Back to School Goes Green

From preschool through senior year, kids need school supplies. Even when back-to-school shopping is done, they still seem to need more and more stuff … when things go missing, for the class play, when something wears out—or just because.

Many school-related products from sneakers to Lacrosse pads are made from plastics, and more and more school supplies are using recycled plastics. So this year, when junior says, “Hey, I need a new …,” think recycled school supplies, and teach your budding Einstein an environmental lesson.

Some Recycled Plastic School Supplies

For example, the perfect backpack is a school staple, as kids today lug around what appear to be 400 pounds of books. For your littler ones, Beatrix makes backpacks with recycled plastics that are lightweight and easy to clean. The manufacturer says that each pack uses the equivalent of seven water bottles. For your somewhat larger kids, Green Smart offers cool backpacks, laptop sleeves, messenger bags, and water bottle coolers made with recycled plastics from bottles. Green Smart says the company has diverted more than 750,000 plastic bottles from waste.

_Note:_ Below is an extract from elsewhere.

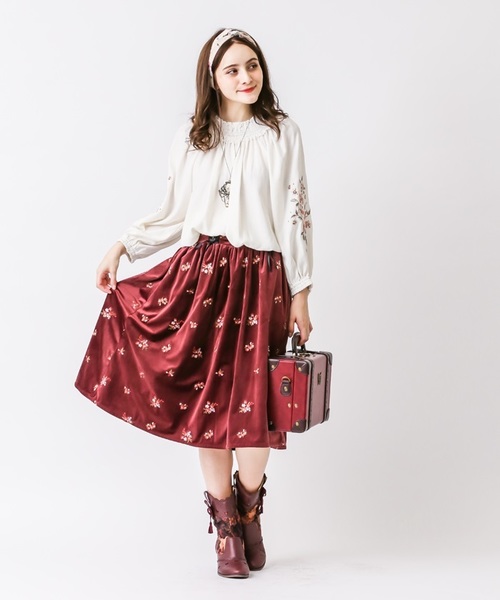 axes femme（アクシーズファム）の「総刺繍ベロアミディスカート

Getting kids to eat their greens can be a chore. But perhaps they can be a bit greener at school mealtime with recycled plastic lunch bags. Readily available from many online sites, these bags commonly are made with recycled plastics from beverage bottles. For example, Clean Conscience lunch bags use approximately three recycled bottles, which recaptures the value of plastics— and teaches kids a valuable lesson about the importance of recycled school supplies

“I need to write down something—hand me a refrigerator.” Pencils made from refrigerators? That’s right—BIC® now makes pencils with recycled polystyrene plastic from discarded refrigerators. The recycled polystyrene pencils work just like traditional cedar pencils. One refrigerator produces enough polystyrene for 640 pencils—a great a lesson that something as simple as a pencil can make a difference.

For some kids, school seems all about the clothes. Companies such as Patagonia make fashionable cold and wet weather kid apparel out of recycled soda bottles and plastic fabrics. Jackets, vests, hats, gloves, sweat pants, under layers—all help close the recycling loop and give your kid something to brag (and feel good) about.